02 Gen “Absurd” by Cyril Joseph
“Absurd” is an incredibly complex short film, and in just six minutes, the director, Cyril Joseph, manages to build a profound universe of suggestions and subplots that in the end escape the predictability and give us a shocking ending. What is most striking about this intense film is the cinematographic language used to tell this story. The choice to not to use dialogues proves to be a great intuition, and silence becomes an instrument of communication even stronger than words. But Joseph turns it into something more. Silence becomes a blank page, on which sounds and movement insinuate themselves, in an enveloping sensorial orchestra that slowly weave a web full of meanings. The refined work of staging does not end here, and the narration reaches its turning point in a fulminating way, nailing the viewer to reality, which until then had been sublimated in a splendid choreography.
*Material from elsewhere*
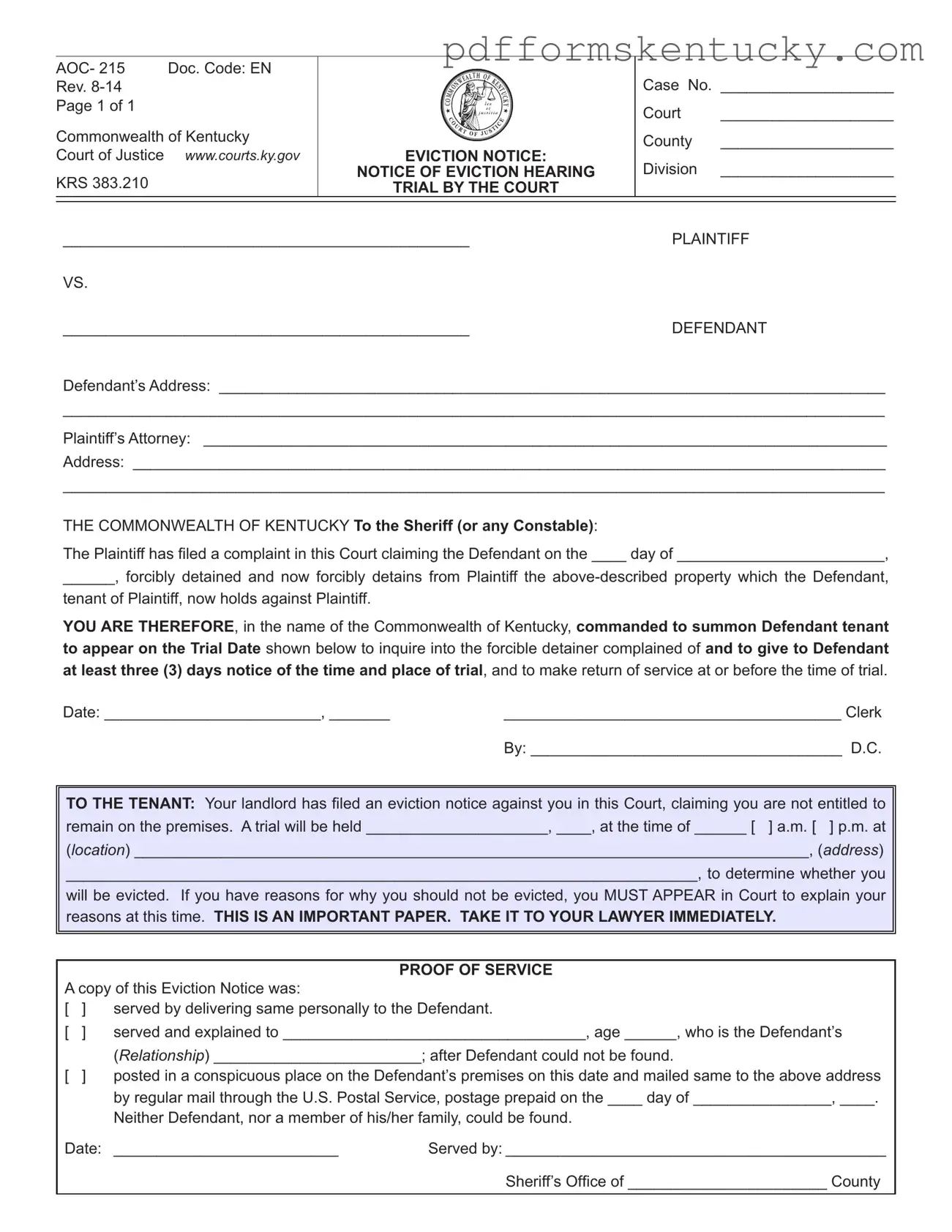 Download Kentucky Aoc 215 Template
In fact, the film proceeds in a fascinating, slightly naive atmosphere, but just apparently “naive”. The camera lets itself be guided by the pretty looks of the little girl and lingers on the delicacy of the bond between the two protagonists.
In the second half of the film, with great talent, these suggestions are completely reversed with a mature awareness that leaves the viewer bewitched and surprised at the same time. Cyril Joseph therefore gives us a piece of true cinema, in which reality and its social urgencies become part of a broader expression involving the senses and the artistic narration, in a winning combination.